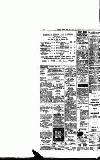 Weekly Irish Times Saturday 28 October 1899 Page 20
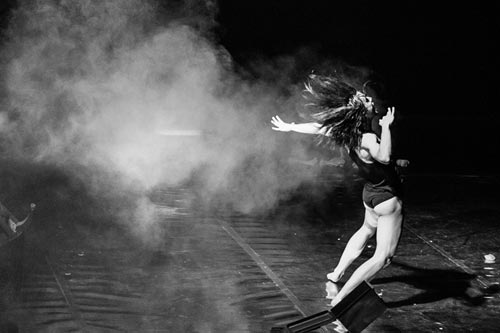 4 compagnia enzo cosimi in sopra di me il diluvio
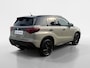 Suzuki Vitara 1.4 Boosterjet Smart Hybrid Special Edition | 1.500 Euro Korting | Black Look | 17" zwarte lichtmetalen | Lederen en suède bekleding | Parkeersensoren Voor en achter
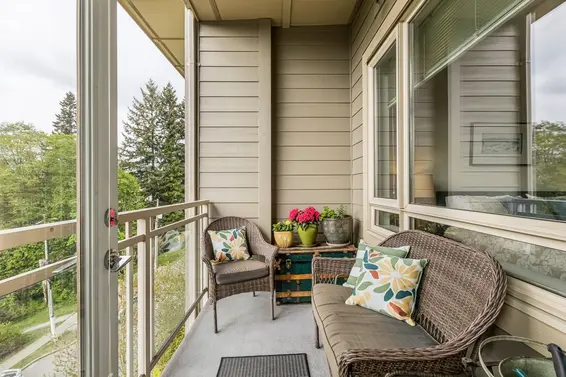 404 159 West 22nd Street, North Vancouver For Sale - image 14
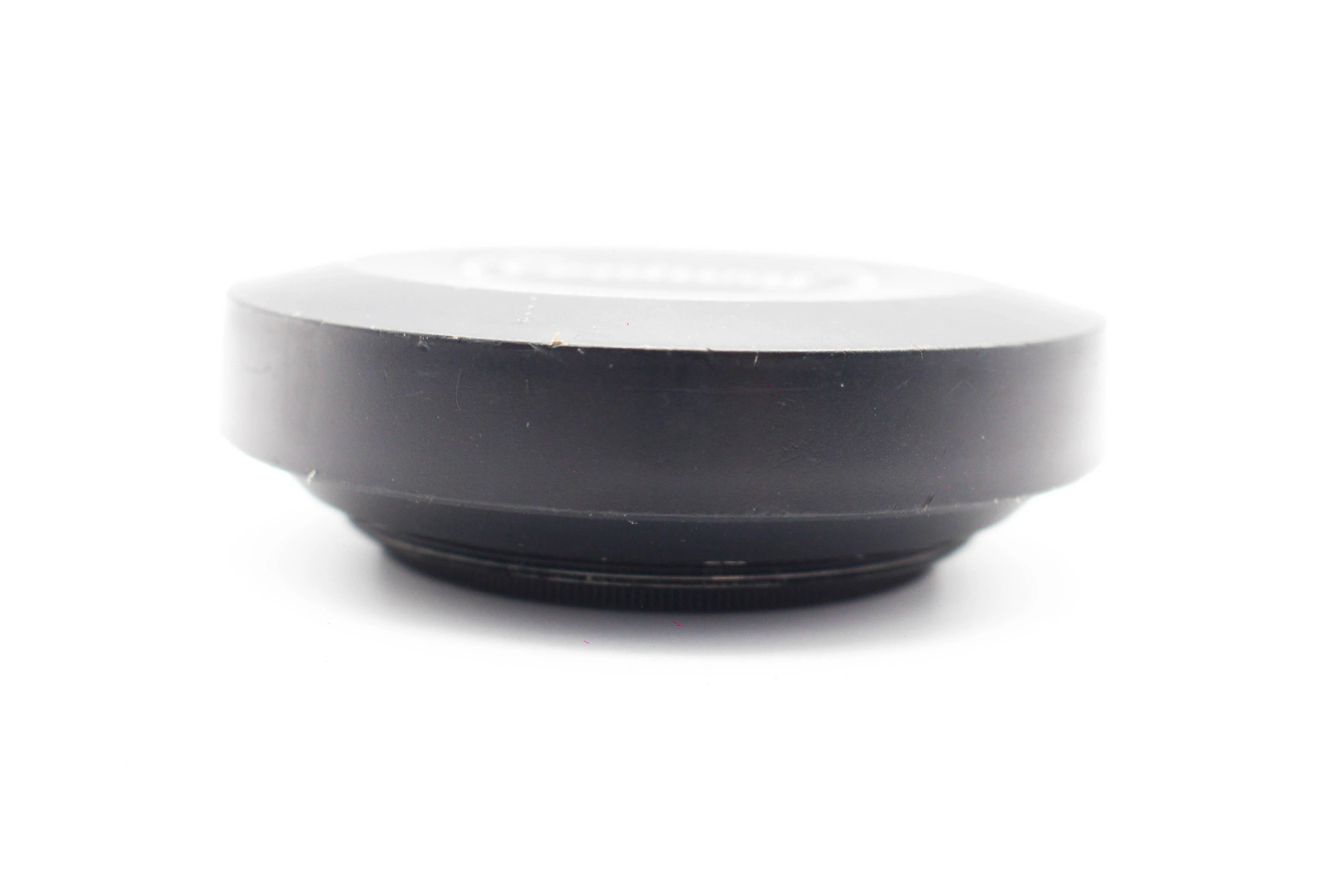 Century Precision Optics Digital Series 0.6x Wide Angle Adapter - 58mm Screw Mount, Excellent condition, ref VFGP77, photo 9 | SDS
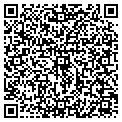 QR code with Simple Clean contacts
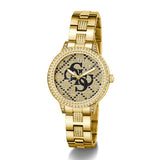 Guess G Lace GW0944L2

--- --- ---

• [Your instructions] The lines from the one containing "4 compagnia enzo" to the last line of the records, both included: print exactly those and nothing else, leaving out any pictures.

• [Result of this exercise]
 4 compagnia enzo cosimi in sopra di me il diluvio
 Suzuki Vitara 1.4 Boosterjet Smart Hybrid Special Edition | 1.500 Euro Korting | Black Look | 17" zwarte lichtmetalen | Lederen en suède bekleding | Parkeersensoren Voor en achter
 404 159 West 22nd Street, North Vancouver For Sale - image 14
 Century Precision Optics Digital Series 0.6x Wide Angle Adapter - 58mm Screw Mount, Excellent condition, ref VFGP77, photo 9 | SDS
 QR code with Simple Clean contacts
 Guess G Lace GW0944L2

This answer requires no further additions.